* **Task statement**: Set the data down exactly as it stands, and keep its pictures out.

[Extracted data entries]
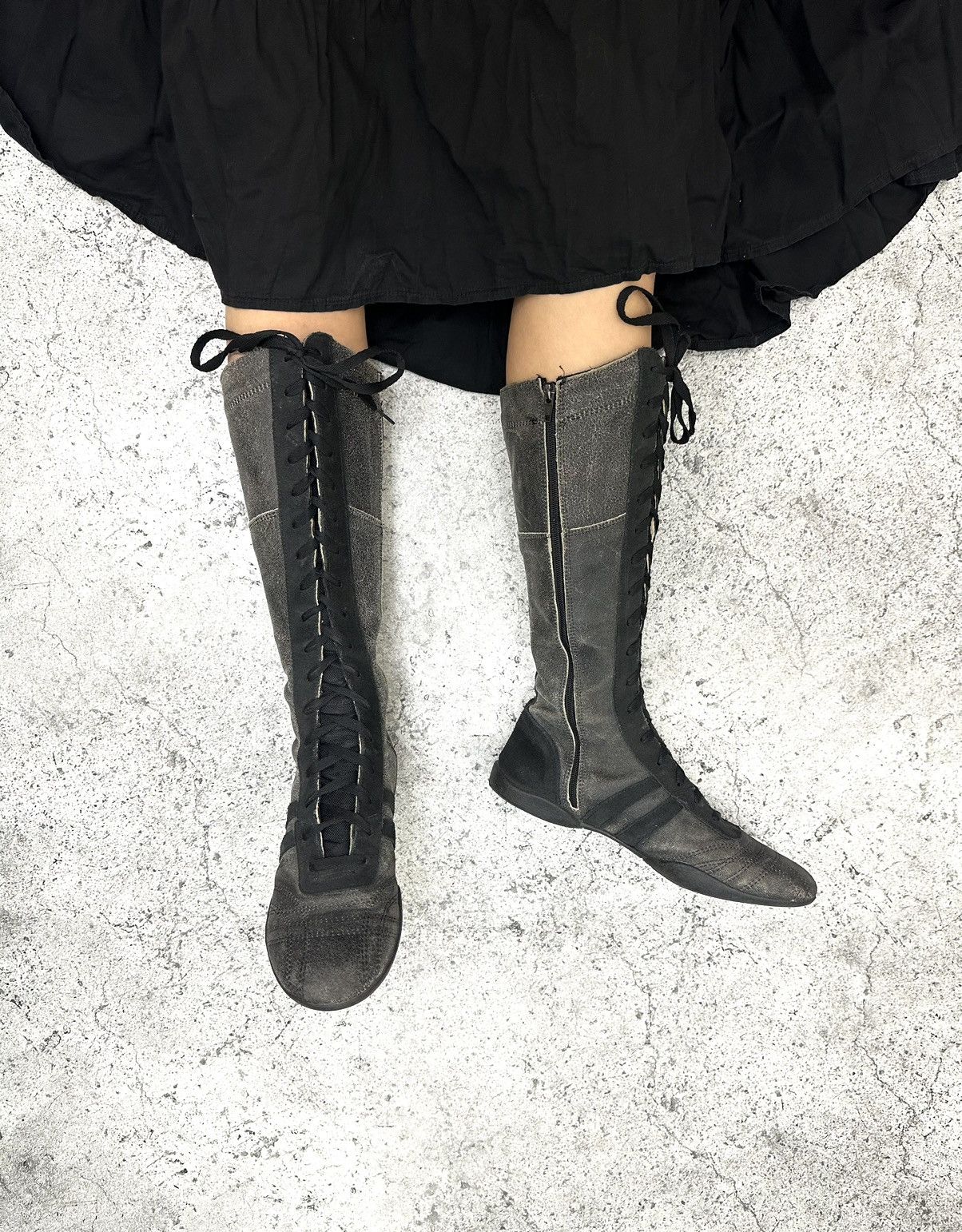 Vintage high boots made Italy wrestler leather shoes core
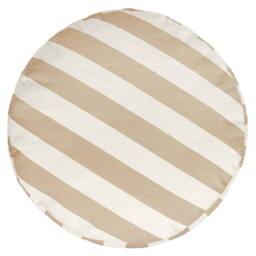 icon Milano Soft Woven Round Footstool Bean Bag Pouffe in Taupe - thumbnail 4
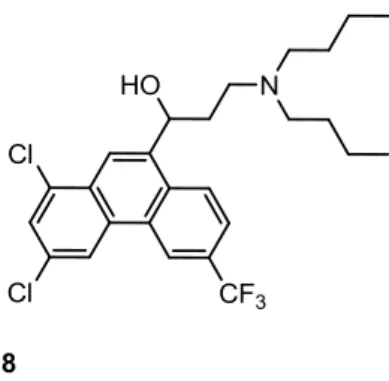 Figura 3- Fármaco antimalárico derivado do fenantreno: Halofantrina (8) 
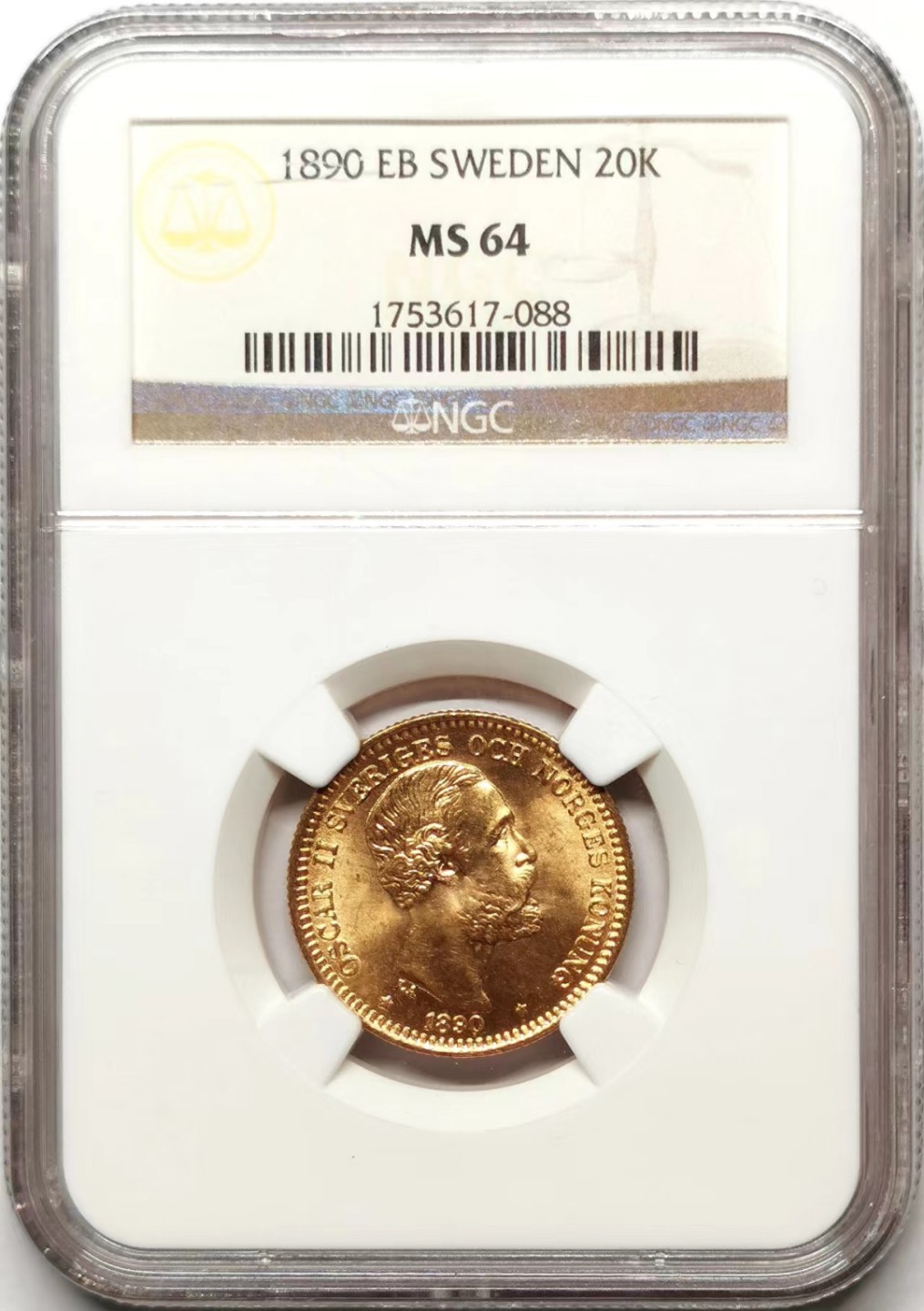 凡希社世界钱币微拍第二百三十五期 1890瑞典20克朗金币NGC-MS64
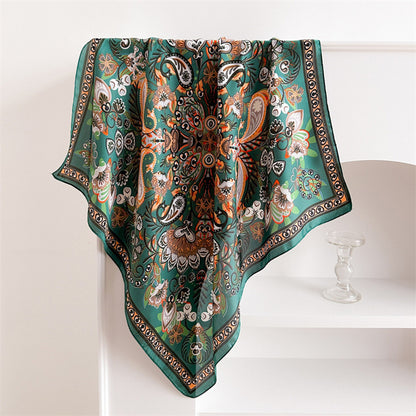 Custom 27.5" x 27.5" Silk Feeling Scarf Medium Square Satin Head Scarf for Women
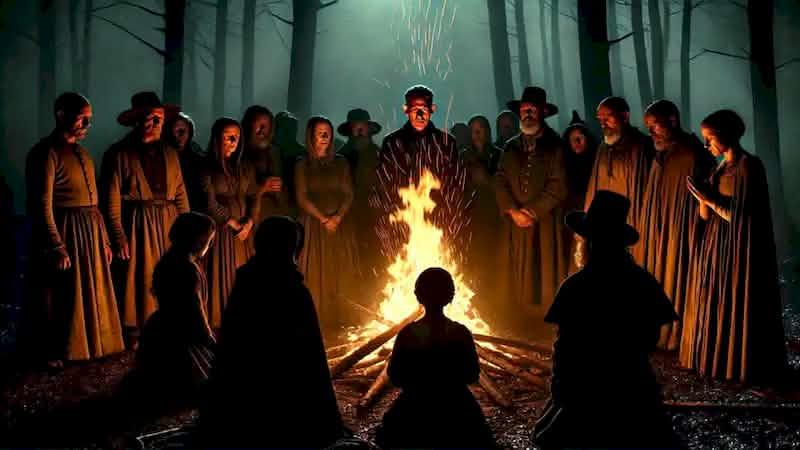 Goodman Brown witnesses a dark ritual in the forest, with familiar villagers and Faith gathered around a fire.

* **Response to the exercise**:
 Vintage high boots made Italy wrestler leather shoes core
 icon Milano Soft Woven Round Footstool Bean Bag Pouffe in Taupe - thumbnail 4
 Figura 3- Fármaco antimalárico derivado do fenantreno: Halofantrina (8) 
 凡希社世界钱币微拍第二百三十五期 1890瑞典20克朗金币NGC-MS64
 Custom 27.5" x 27.5" Silk Feeling Scarf Medium Square Satin Head Scarf for Women
 Goodman Brown witnesses a dark ritual in the forest, with familiar villagers and Faith gathered around a fire.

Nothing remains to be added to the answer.